> _What you are asked to do_: Repeat only the lines below from the one that contains "Papa com estudantes" through the final line, exactly. Omit pictures.

==================================================

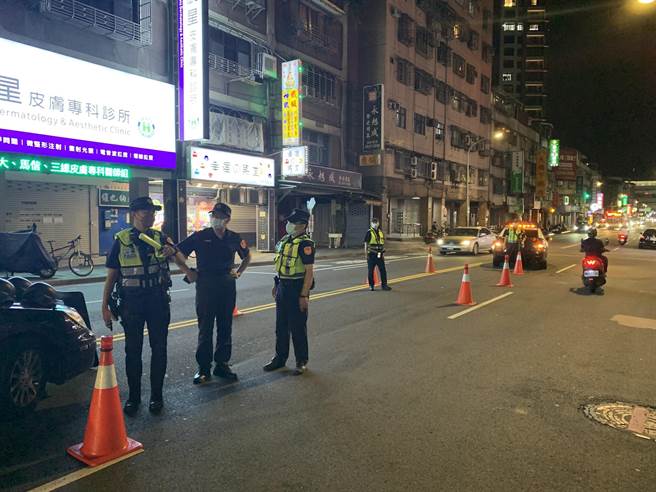 新北市中和警分局運用優勢警力規畫勤務，於19日夜間實施擴大臨檢。（中和警分局提供）
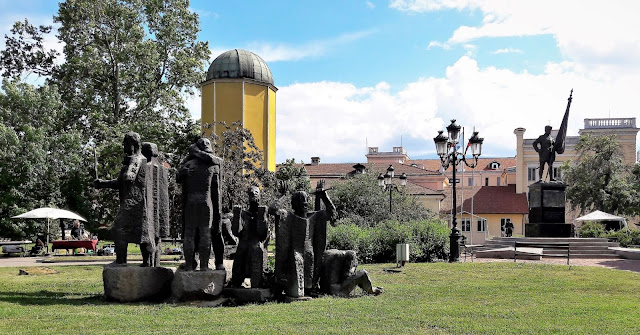 Stone sculpture of seven Bulgarian voluntter soldiers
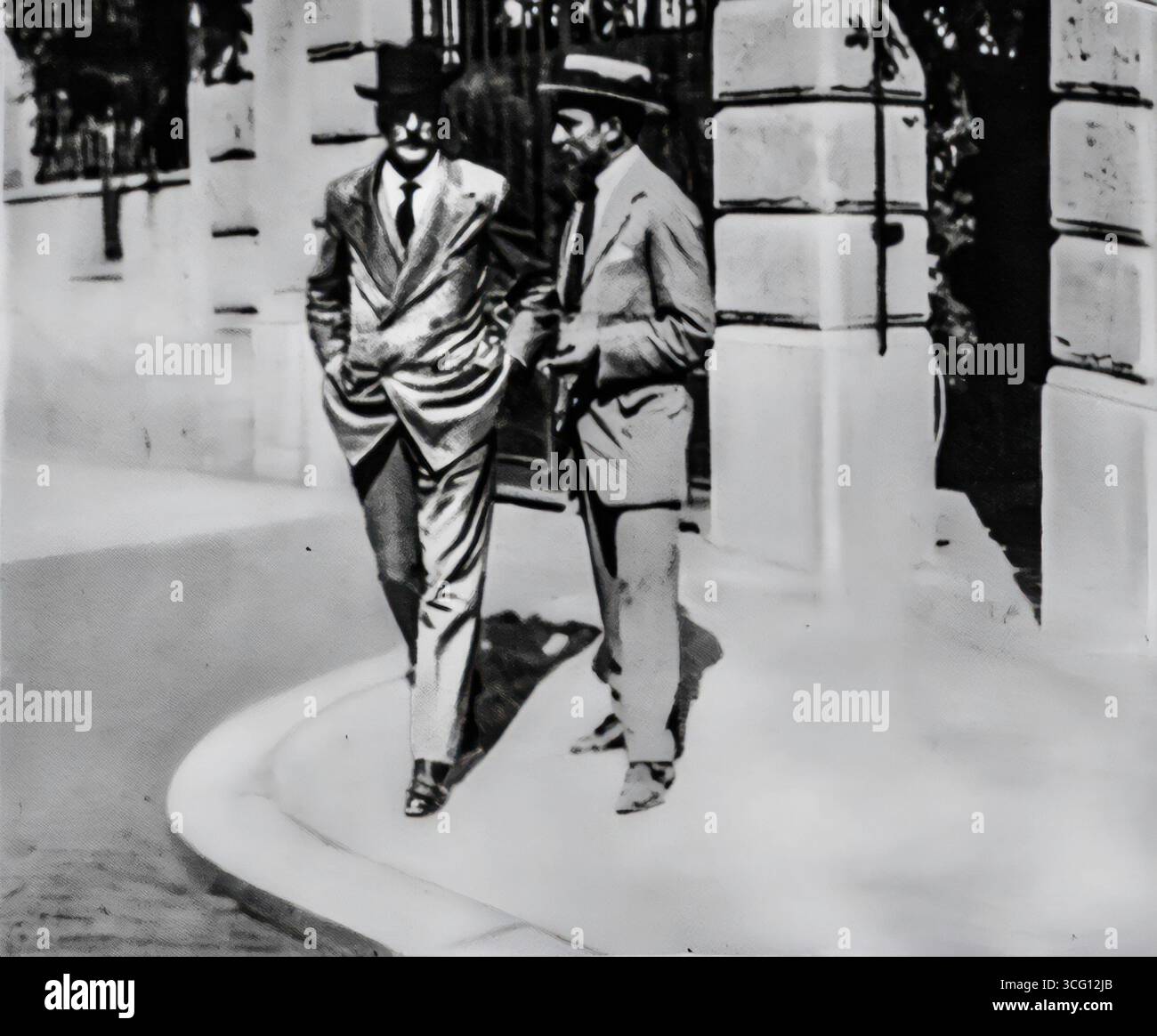 Bild aus L’Illustration, 24. Juni 1916, das die italienische demokratische Führerin Leonida Bissolati nach einem Besuch in Paolo Boselli zeigt, der neu mit der Regierungsbildung beauftragt wurde. Als er mit einem Reporter sprach, repräsentierte Bissolati die demokratische und sozialistische Strömung in der italienischen Politik. Seine Unterstützung war entscheidend für die Gestaltung der italienischen Koalition während des Krieges und die Aufrechterhaltung der Teilnahme des Landes am Ersten Weltkrieg. Stockfoto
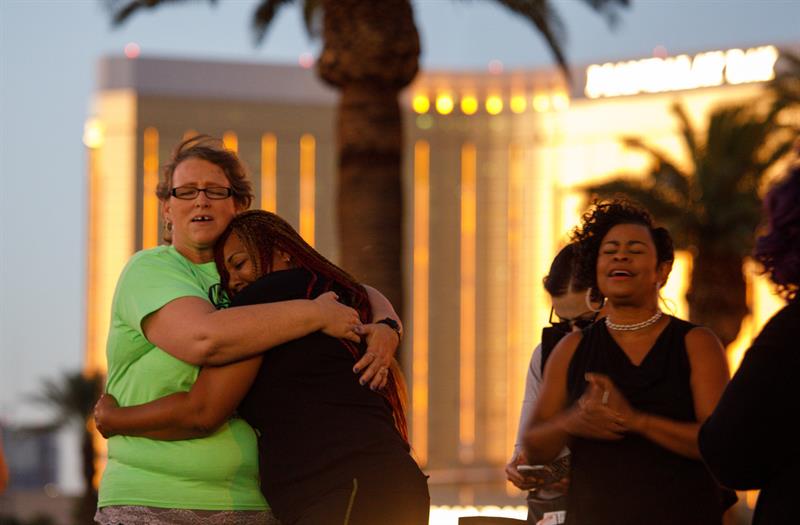 Feligreses de la iglesia de The Gathering oran cerca del hotel Mandalay Bay en memoria de las v&iacute;ctimas del tiroteo en masa en Las Vegas, Nevada,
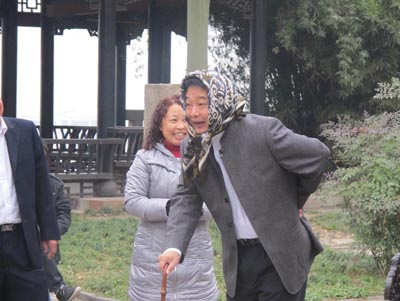 冰山上的来客 相关产品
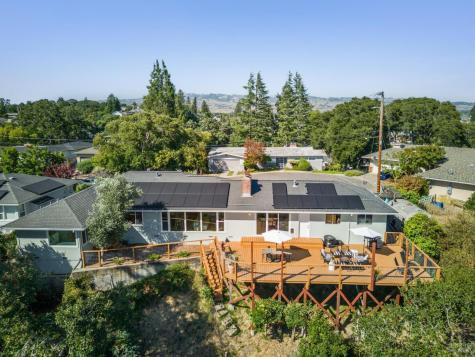 15 Brainerd Avenue Petaluma CA 94952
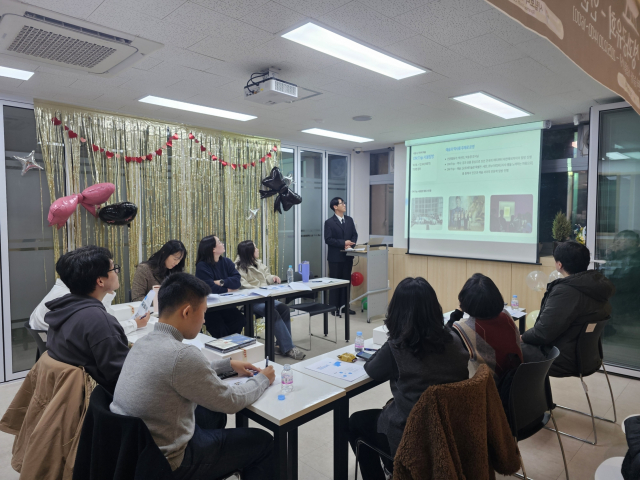 성과공유회 참석자들이 시립보라매청소년센터의 2025 청소년 인문 프로그램 ‘인문ON : 생각을 켜다’의 올 한 해 운영 성과를 공유하고 있다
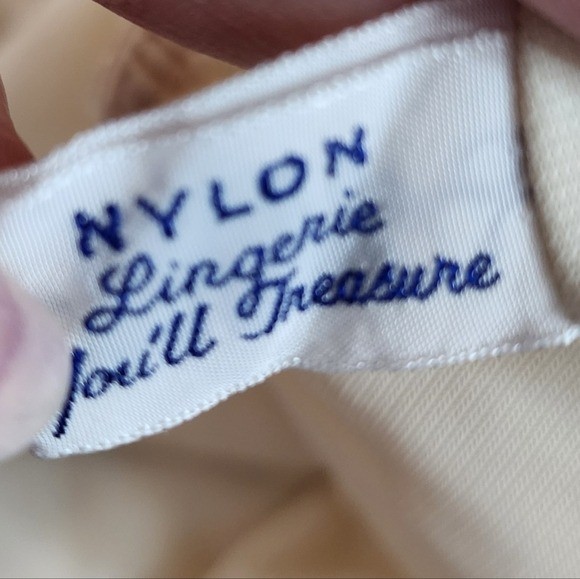VINTAGE AVIAN NYLON LINGERIE HALF SLIP LACE TRIM WHITE SIZE Large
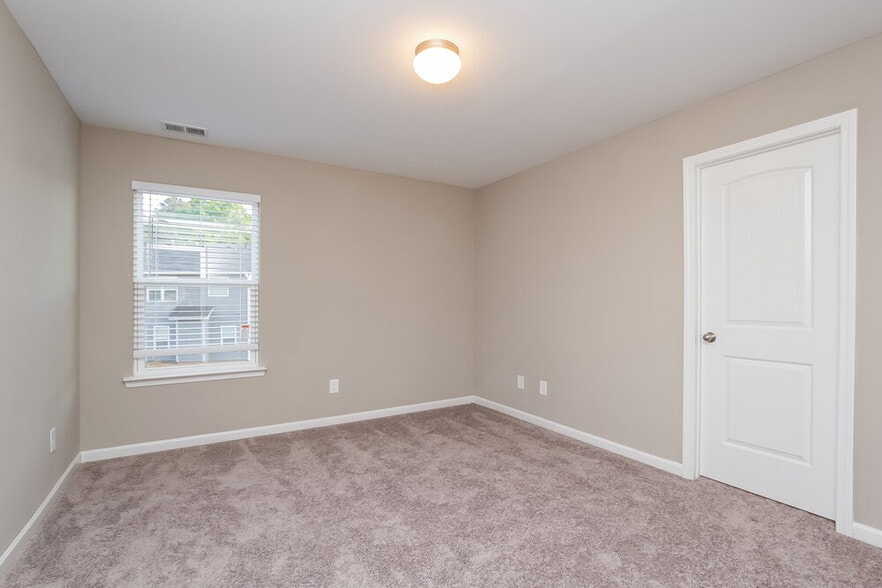 Building Photo - 102 Archer Ct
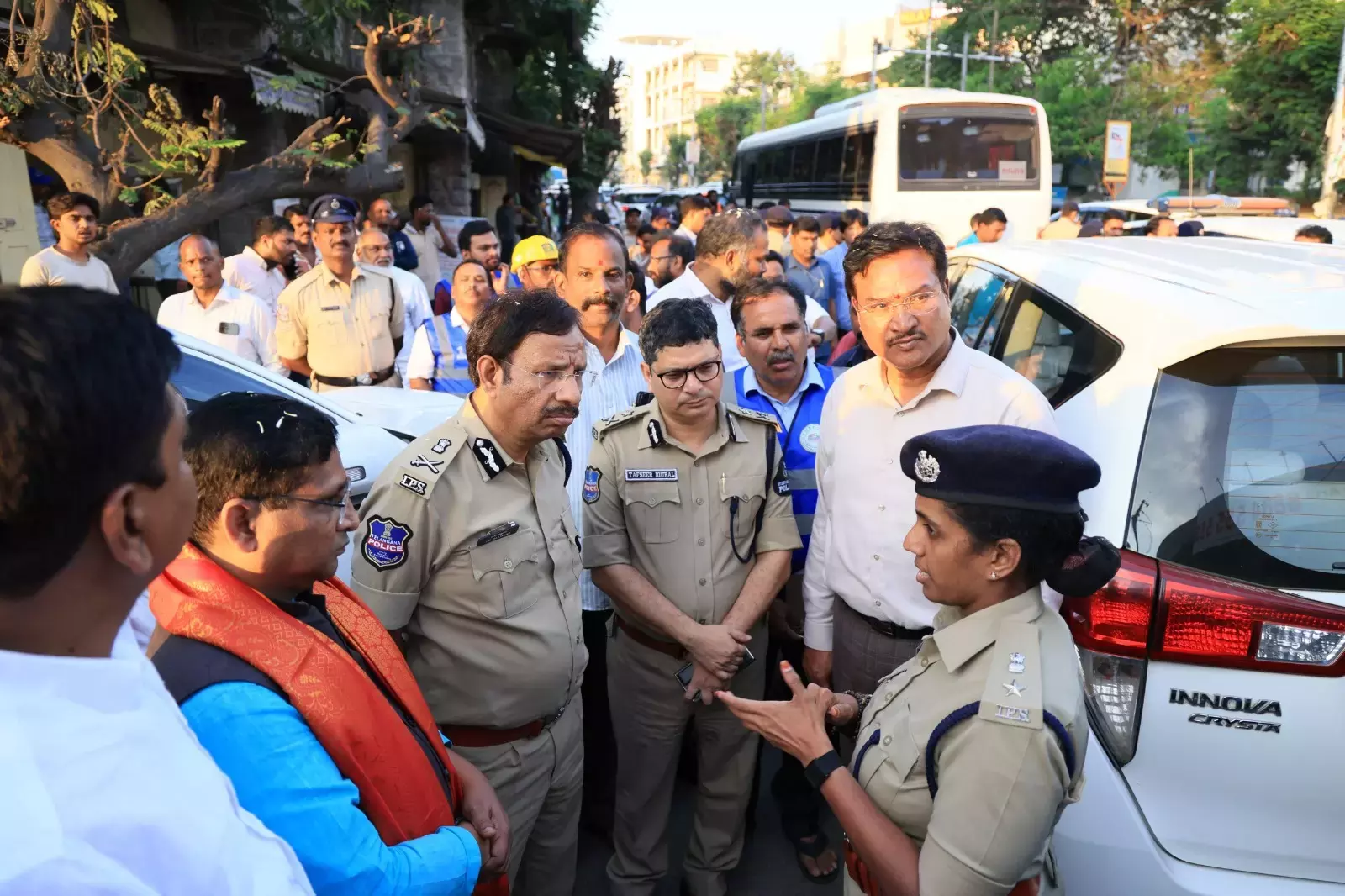 Hyderabad: सुरक्षा उपायों के लिए गणेश विसर्जन मार्ग का निरीक्षण किया गया Hyderabad: सुरक्षा उपायों के लिए गणेश विसर्जन मार्ग का निरीक्षण किया गया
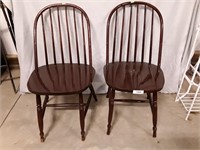2 Spindal Back Chairs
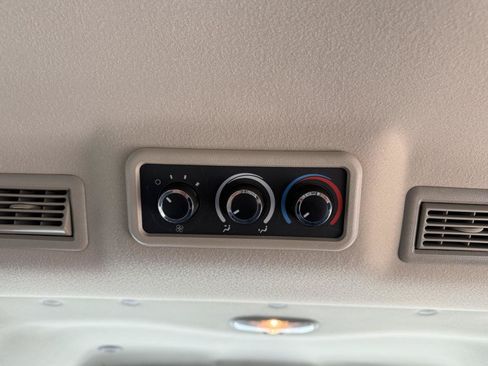 Used 2014 Chevrolet Express 2500 LT w/ LT Preferred Equipment Group RWD image 23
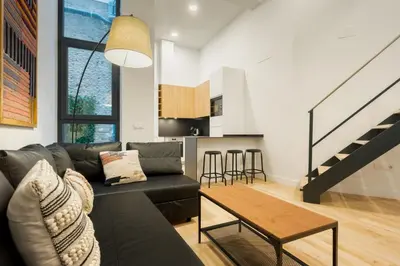 Una cocina o zona de cocina en Modern Duplex 2B 2Bath Historic Centre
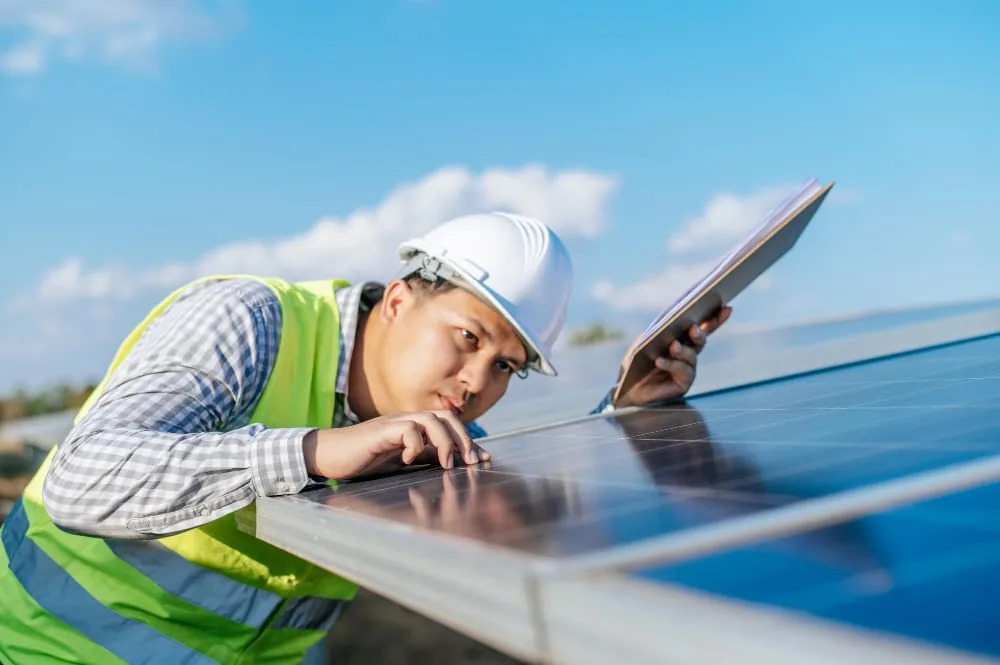 Manutenção em sistemas de energia solar
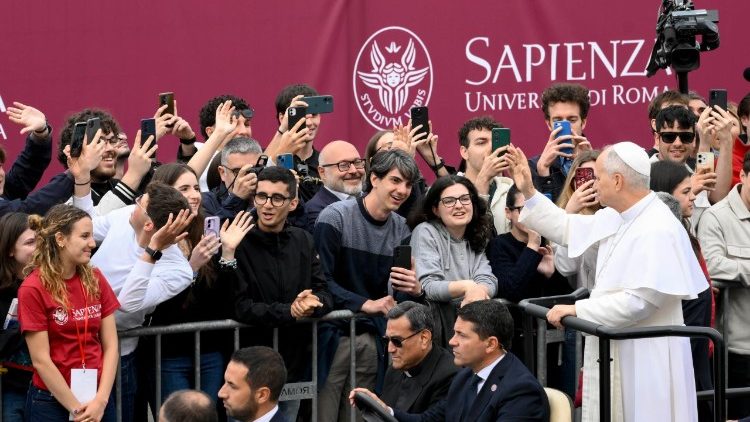 Papa com estudantes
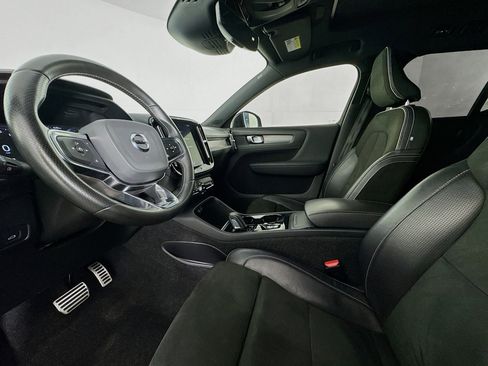 Used 2020 Volvo XC40 T5 R-Design image 21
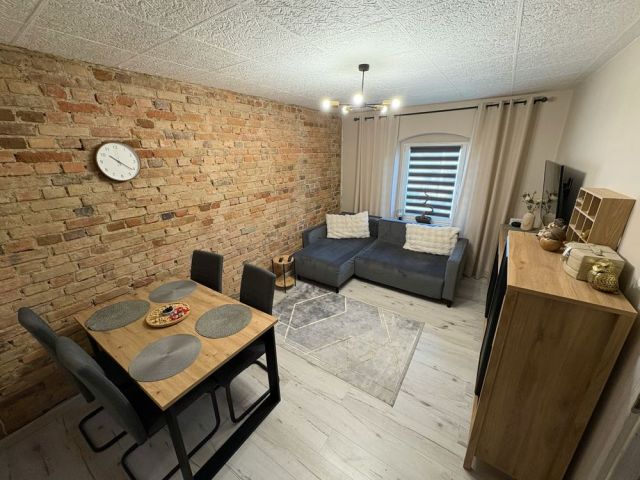 Mieszkanie 2-pokojowe Chwałków. Zdjęcie 1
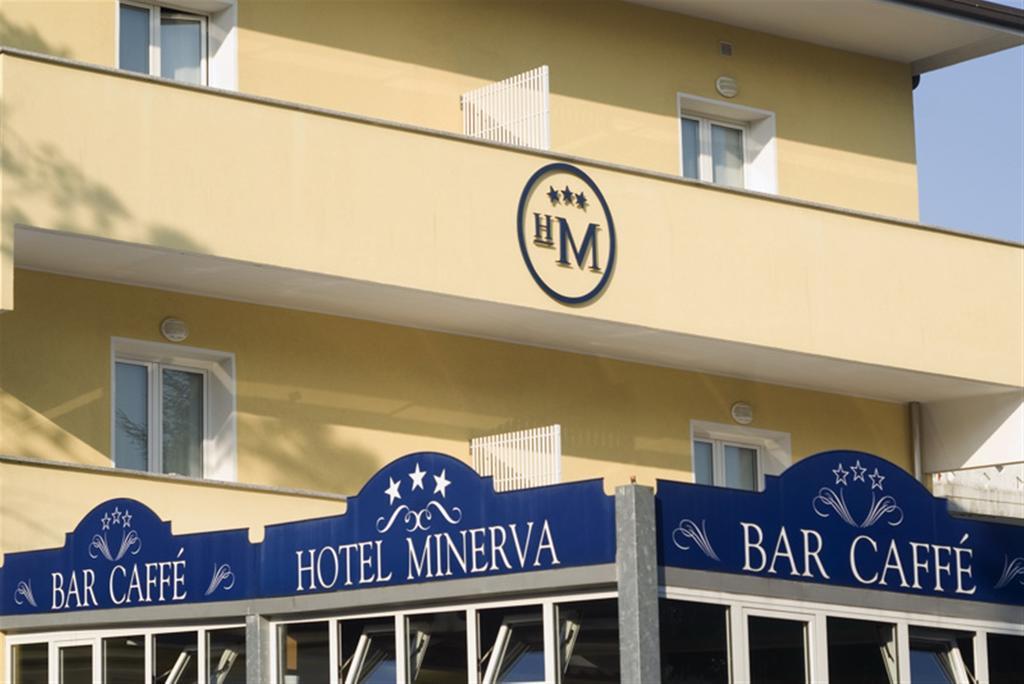 Hotel Minerva Lignano Sabbiadoro Dış mekan fotoğraf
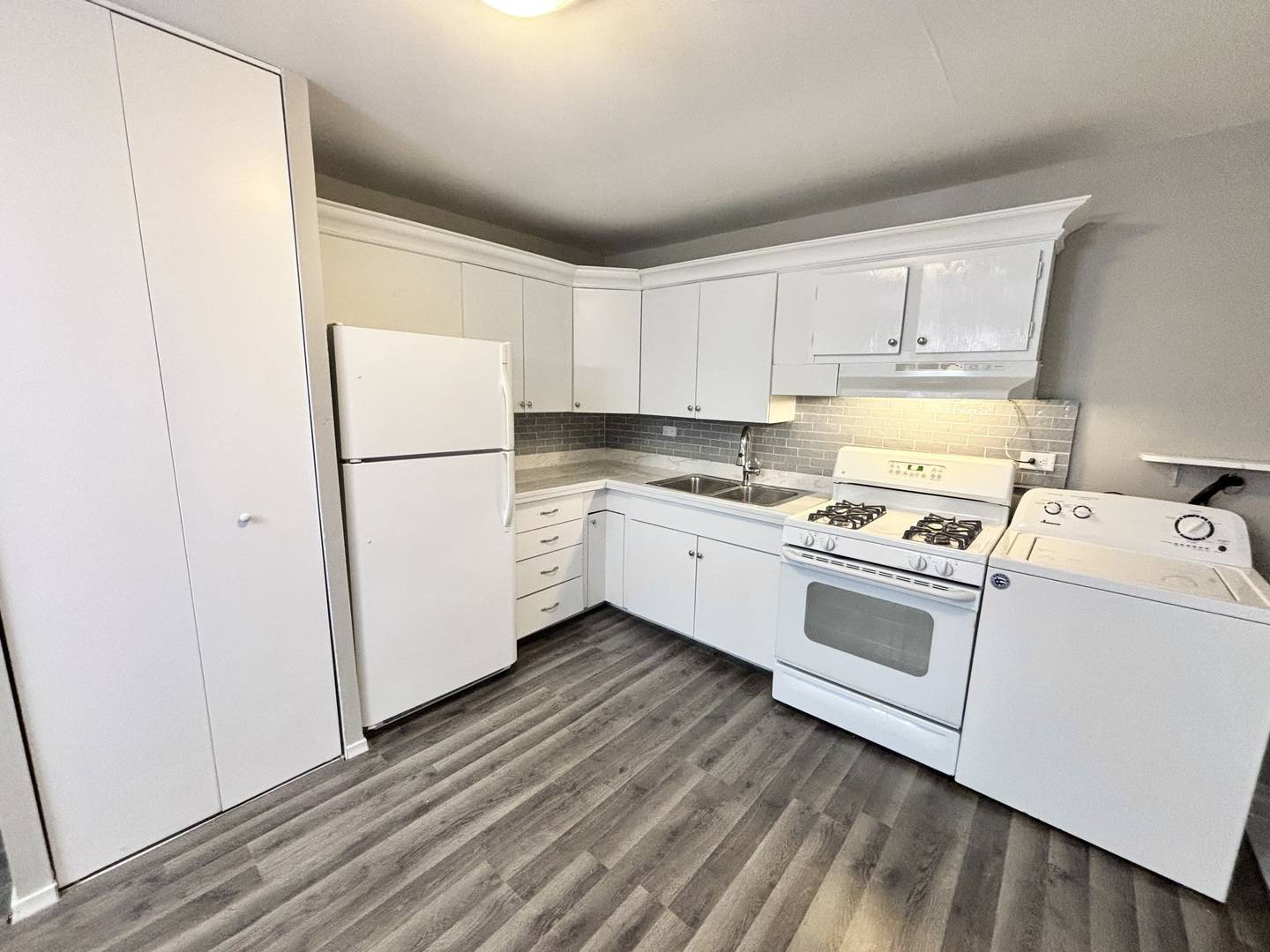 Palatine, IL 60074,1034 E Tulip WAY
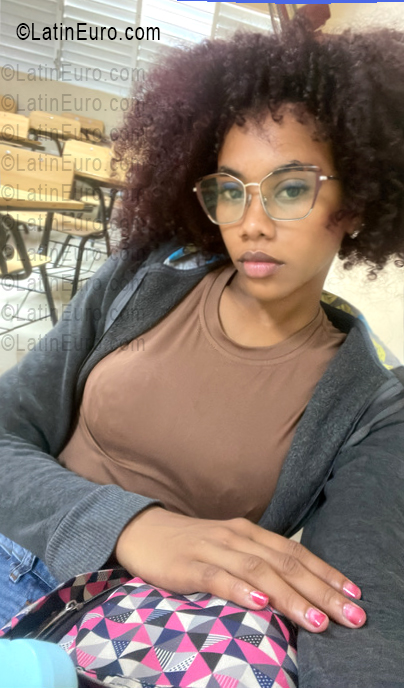 Date this athletic Dominican Republic girl Daniela from Santo Domingo DO55829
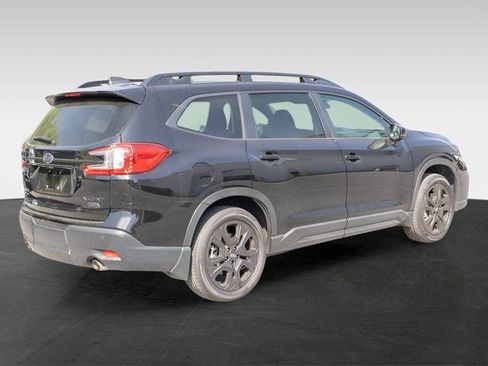 Used 2025 Subaru Ascent Bronze Edition AWD/4WD image 9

==================================================

> _Written response_:
 Papa com estudantes
 Used 2020 Volvo XC40 T5 R-Design image 21
 Mieszkanie 2-pokojowe Chwałków. Zdjęcie 1
 Hotel Minerva Lignano Sabbiadoro Dış mekan fotoğraf
 Palatine, IL 60074,1034 E Tulip WAY
 Date this athletic Dominican Republic girl Daniela from Santo Domingo DO55829
 Used 2025 Subaru Ascent Bronze Edition AWD/4WD image 9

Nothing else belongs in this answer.